What lines below contain the word "wearing"? Please pull each one out.

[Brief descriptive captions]
--

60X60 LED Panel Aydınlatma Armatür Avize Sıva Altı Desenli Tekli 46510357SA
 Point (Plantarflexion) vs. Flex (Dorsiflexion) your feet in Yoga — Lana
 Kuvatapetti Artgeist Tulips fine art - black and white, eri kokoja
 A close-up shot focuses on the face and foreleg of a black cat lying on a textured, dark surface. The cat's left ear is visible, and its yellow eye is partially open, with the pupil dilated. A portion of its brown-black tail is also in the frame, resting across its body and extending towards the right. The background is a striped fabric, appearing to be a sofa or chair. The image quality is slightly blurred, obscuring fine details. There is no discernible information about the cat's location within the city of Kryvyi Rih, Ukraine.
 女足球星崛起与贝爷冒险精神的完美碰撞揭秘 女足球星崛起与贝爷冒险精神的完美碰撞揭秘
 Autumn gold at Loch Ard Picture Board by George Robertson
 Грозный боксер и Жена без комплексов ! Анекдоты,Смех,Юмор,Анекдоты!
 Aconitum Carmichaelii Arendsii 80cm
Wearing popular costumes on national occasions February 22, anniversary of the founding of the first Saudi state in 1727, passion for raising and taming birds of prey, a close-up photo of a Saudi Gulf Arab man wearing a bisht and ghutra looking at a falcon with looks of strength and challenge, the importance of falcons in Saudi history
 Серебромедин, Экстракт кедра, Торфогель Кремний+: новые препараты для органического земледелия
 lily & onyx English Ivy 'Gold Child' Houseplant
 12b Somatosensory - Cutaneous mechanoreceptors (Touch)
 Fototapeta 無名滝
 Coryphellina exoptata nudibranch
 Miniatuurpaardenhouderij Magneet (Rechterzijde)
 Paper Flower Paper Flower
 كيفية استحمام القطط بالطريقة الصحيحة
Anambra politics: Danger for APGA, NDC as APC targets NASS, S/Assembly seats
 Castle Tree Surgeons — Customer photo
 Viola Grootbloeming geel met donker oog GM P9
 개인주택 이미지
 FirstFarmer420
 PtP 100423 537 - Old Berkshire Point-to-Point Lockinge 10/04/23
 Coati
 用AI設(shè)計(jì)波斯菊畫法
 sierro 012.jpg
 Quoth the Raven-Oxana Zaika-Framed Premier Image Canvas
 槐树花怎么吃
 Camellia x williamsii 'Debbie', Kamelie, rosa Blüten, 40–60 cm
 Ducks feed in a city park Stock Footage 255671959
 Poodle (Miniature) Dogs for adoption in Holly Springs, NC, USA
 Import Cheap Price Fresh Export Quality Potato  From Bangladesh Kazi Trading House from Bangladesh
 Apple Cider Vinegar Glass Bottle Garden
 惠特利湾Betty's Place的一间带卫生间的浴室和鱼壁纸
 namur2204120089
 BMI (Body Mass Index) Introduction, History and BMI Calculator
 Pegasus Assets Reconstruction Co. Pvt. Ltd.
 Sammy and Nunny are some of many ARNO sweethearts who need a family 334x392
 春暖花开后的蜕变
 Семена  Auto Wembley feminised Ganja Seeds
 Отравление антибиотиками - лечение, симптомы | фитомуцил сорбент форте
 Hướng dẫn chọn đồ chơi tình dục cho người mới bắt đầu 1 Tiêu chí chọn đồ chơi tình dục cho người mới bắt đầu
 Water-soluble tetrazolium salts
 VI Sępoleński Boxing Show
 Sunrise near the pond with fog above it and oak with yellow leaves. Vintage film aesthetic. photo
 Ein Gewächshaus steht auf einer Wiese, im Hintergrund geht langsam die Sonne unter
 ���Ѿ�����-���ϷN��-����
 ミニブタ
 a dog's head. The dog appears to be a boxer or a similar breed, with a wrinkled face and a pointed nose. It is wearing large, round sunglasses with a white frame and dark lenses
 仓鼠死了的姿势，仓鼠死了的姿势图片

--

Answer to the exercise —
Wearing popular costumes on national occasions February 22, anniversary of the founding of the first Saudi state in 1727, passion for raising and taming birds of prey, a close-up photo of a Saudi Gulf Arab man wearing a bisht and ghutra looking at a falcon with looks of strength and challenge, the importance of falcons in Saudi history
 a dog's head. The dog appears to be a boxer or a similar breed, with a wrinkled face and a pointed nose. It is wearing large, round sunglasses with a white frame and dark lenses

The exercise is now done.